Ada 2 kali tour dalam sejam. Jam tour yang tertera di tiket kami masih 1.5 jam lagi. Jadi kami masuk museumnya Chelsea dulu di lantai 2. Meskipun bukan pencinta bola, saya cukup menikmati museum Chelsea. Mungkin karena isi musium didominasi warna biru, warna kesukaan saya. Halaah…
Pajangan sejarah, piala, perubahan logo disajikan sangat menarik dan atraktif. Kita tidak hanya bisa foto-foto tapi juga bisa mengikuti aktivitas simulasi digital. Misalnya melakukan tendangan pinalti. Tidak bosan-bosan si Sulung dan Suami menendang bola sudah serasa pemain Chelsea.
Saya dan si princess Bungsu menemukan unsur Indonesia di museum ini. Apakah itu?
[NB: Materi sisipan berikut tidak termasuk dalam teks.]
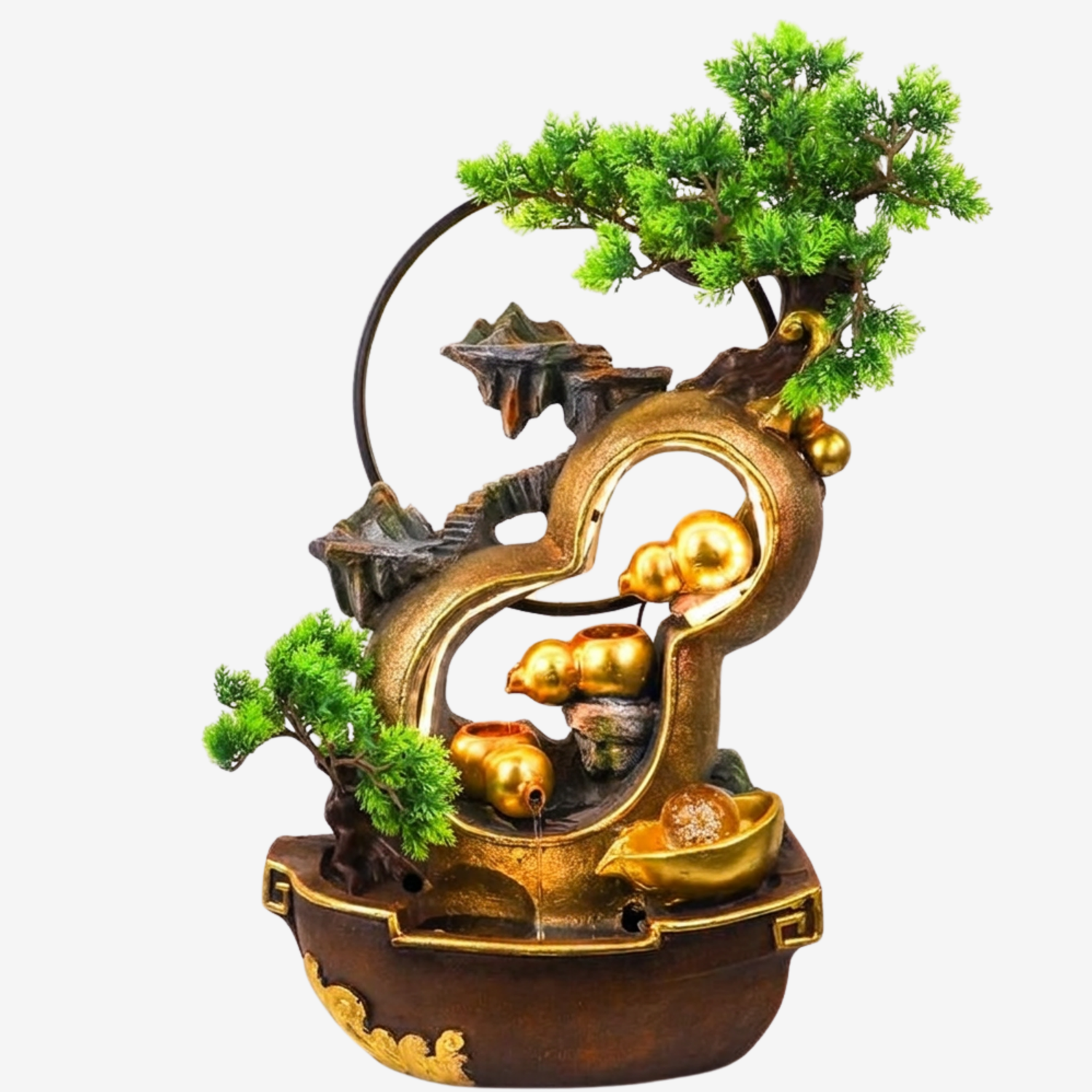 Illuminated Wu Lou Fountain of Blessed Health 60cm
Ada piala besar berkalungkan pita Bank BNI 😀 Piala itu diberikan saat pertandingan persahabatan antara Chelsea dengan team bola Indonesia (gak tau team yang mana …)
Buat saya, setengah jam di Museum ini sudah cukup lah. Tapi buat Suami dan si Sulung yang sangat antusias, diperlukan minimal 45 menit.Mengingat waktu tunggu tour yang masih lama, maka saya mengalah untuk lebih lama menghabiskan waktu di musium.
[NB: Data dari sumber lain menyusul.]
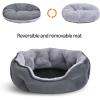 imageAmazon Basics Round Dog Bed for Medium Dogs Cat Beds for Indoor Cats Washable Pet Bed with Soft Plush Cushion AntiSlip Bottom 30x24x8 Inches GrayM25218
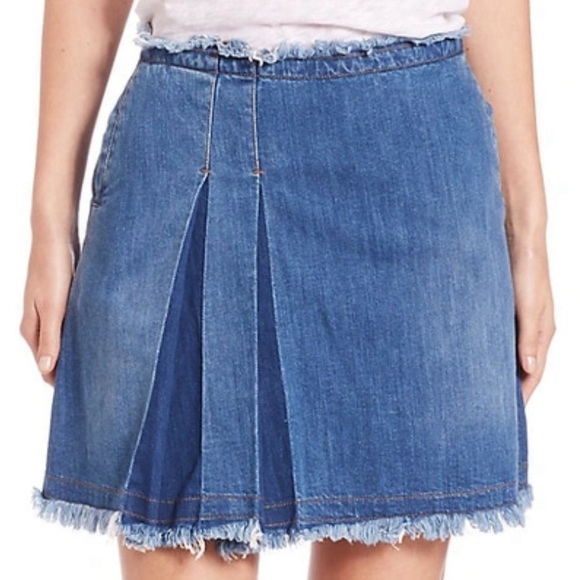 See By Chloe Indigo Denim Skirt Size 26 | Boho Western Chic Fringe Raw Hem - Picture 1 of 11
Limabelas menit menjelang waktu tour, kami sudah tiba di meeting point untuk start awal tour. Ruangannya kecil hanya seperti selasar sempit. Kursi yang tersedia sangat terbatas. Di awal januari yang berkabut, ruang tunggu itu terasa sangat dingin.Tidak ada heaternya sama sekali.
Sambil bengong saya perhatikan pengunjung yang ikut tour. Ternyata cukup banyak orang Indonesianya lho. Kebanyakan sih mahasiswa yang mungkin sekolah di London atau Inggris. Ada juga keluarga jetset Indonesia yang tadi datang naik taxi (saat kami jalan kaki dari stasiun huhu…), lengkap dengan opa dan oma bermantel bulu.
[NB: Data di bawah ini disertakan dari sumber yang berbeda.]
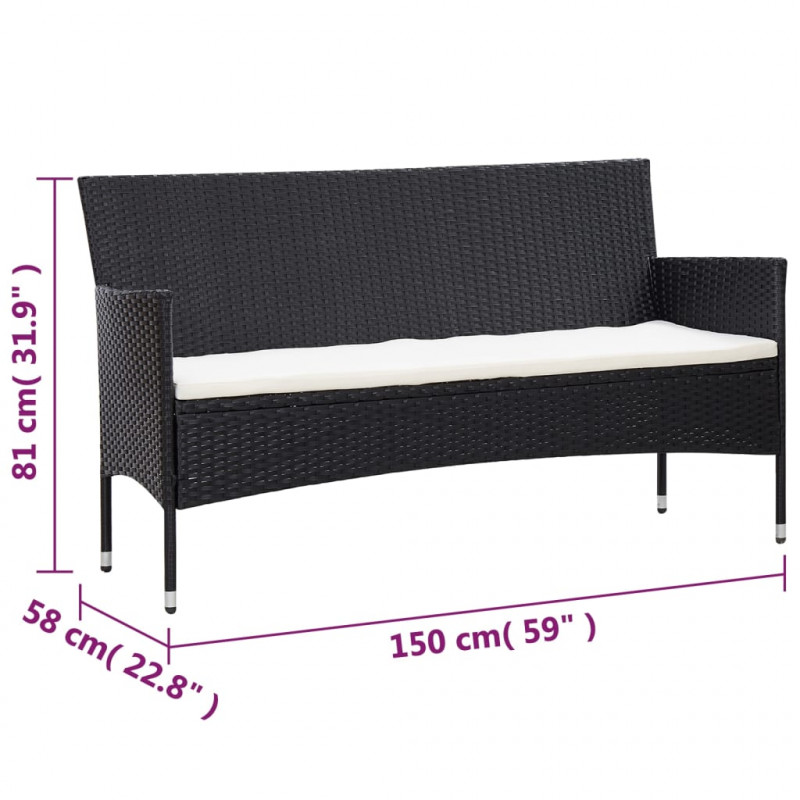 5-częściowy zestaw mebli do ogrodu, poduszki, rattan PE, czarny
Tepat jam 13.30, tour guidenya datang. Seorang pemuda tinggi kurus berkacamata dengan tampang bosan menjadi guide kami. Mau tidak mau saya membandingkan guide kami saat tour di Allianz Arena. Beda banget! Yang di Allianz terlihat energik sehingga peserta terbawa semangat. Sedangkan yang di The Bridges terlihat kurang darah jadi kami terbawa bete. Belum lagi bahasa Inggrisnya yang terlalu kental aksen britishnya, membuat saya mengernyitkan dahi untuk mengerti penjelasannya. Heran di Inggris, justru saya paling susah mengerti bahasa Inggris di banding di negara yang tidak berbahasa Inggris seperti Jerman.
Rombongan tour kami jumlahnya tidak sampai 30 orang terdiri dari berbagai bangsa. Si Guide memberikan penjelasan satu arah. Tidak ada komunikasi 2 arah. Tidak juga berusaha membuat penonton semangat. Cuma seperti rutinitas biasa buat dia. Bener-bener menyebalkan.
Perjalanan tournya mirip dengan yang di Allianz. Kami dibawa ke kursi penonton, mendekati lapangan rumput, masuk ke ruang ganti, hingga ke press room. Saya ingin tour itu cepat berakhir karena terlanjur bete dengan guidenya, kelaperan dan kedinginan. Tapi jangan disamaratakan perasaan saya dengan fans Chelsea. Buat para fans, tempat ini is a must visit kalau lagi ke London. Wajah anda otomatis akan dihiasi senyuman sepanjang tour seperti ketemu pacar. Senyum itulah yang ada di wajah suami saat itu.
Tour berakhir di toko souvenir yang luas 2 lantai. Justru di toko souvenir ini mata saya jadi berbinar-binar. Ah biru-biru Chelsea di semua merchandise, membuat mata segar. Pengen beli…tapi kok ya mahal. Terpaksalah beli yang kecil murah meriah. Dan segera kami mengakhiri tour ini dengan mencari restoran makanan cepat saji di luar stadion.